Откровение и сокровение | страница 25



Минует Империя, наступает Совдепия; Сталин сменяет Ленина; Оттепель подтапливает замороженную страну; выветривается очередная партия лозунгов; вслед за «единой неделимой Россией» отправляется в запасники памяти «мировая Революция», за нею «социалистический лагерь», время снимает очередные гримы, сдирает очередные маски, повязки, шины, скрепы и скобы, и тогда вновь проступает из-под плаца и бетона-асфальта вековой русский тип, и ясно становится какое-то роковое единство судеб на этой гигантской евразийской равнине, где народы льнут друг к другу, чтобы не разбиться друг о друга, и называется все это – Россией.

Сходят туманы идеологий. Обнажаются основы бытия: косые, кривые, кое-как склепанные, по-барачному, по-временному, до следующего половодья. Гадаем: не в том ли дело, что напортачил очередной «Генсек», или не так прочли Энгельса, или зря поверили Марксу. А почва все плывет и плывет под ногами. Изменчивая, непредсказуемая русская почва.

И когда ЭТО становится ясно, когда разваливается одряхлевшая диктатура, и из-под ярма вихрем вырываются безумные демократические страсти, и крутятся по старому кругу междоусобная рознь и первобытная ненависть, – начинаешь подозревать, что не Семнадцатый век проступает из-под Двадцатого, а нечто куда более глубокое и древнее: хитрый степняк косится из-под наскоро оглашенного христианина.

Тут нам становится нужен Лесков.

Хватит ли у нас сил воспринять ту правду, которую он знал?

Портрет читателя

Предуведомление к изданию 1982 года

Вот как писали о Лескове пятьдесят с небольшим лет назад:

– Скандальная репутация, с первой до последней минуты сопровождавшая литературную жизнь Лескова, заменила ему посмертную славу; с тем он и вошел в учебники.

Это – в 1931 году, когда исполнилось сто лет со дня его рождения.

Многое сдвинулось за полвека. К 150-летию «посмертная слава» поставила Лескова в первейший ряд классиков. «Скандальная репутация» одними забыта, другим неведома, третьими трактуется как свидетельство творческой мощи. Учебники приходится подправлять: в новом университетском курсе истории русской литературы Лескову отводится персональный раздел, и стоит он между Достоевским и Толстым.

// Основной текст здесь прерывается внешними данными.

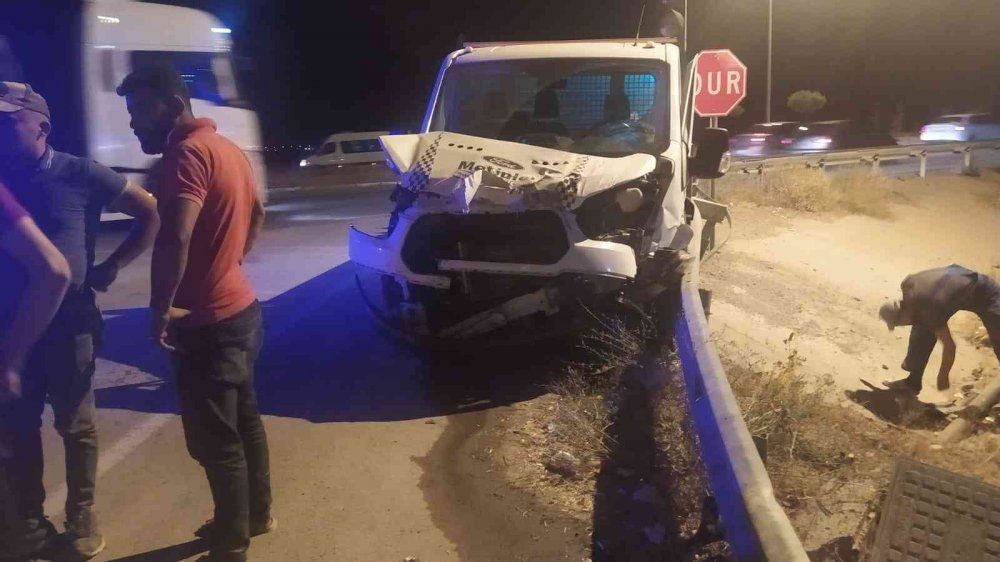 Sivas’ta tırla kamyonette 1 kişi yaralandı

Как произошла перемена? Чем объясняется? Что знаменует? Об этом и пойдет речь. Тема – судьба лесковских книг. Опыт их освоения. Опыт противоречивый. Но и красноречивый: под стать самому писателю, неистовому в страстях, неосторожному в поступках, непредсказуемому в решениях и, однако, твердому в том, как видел он и понимал реальность.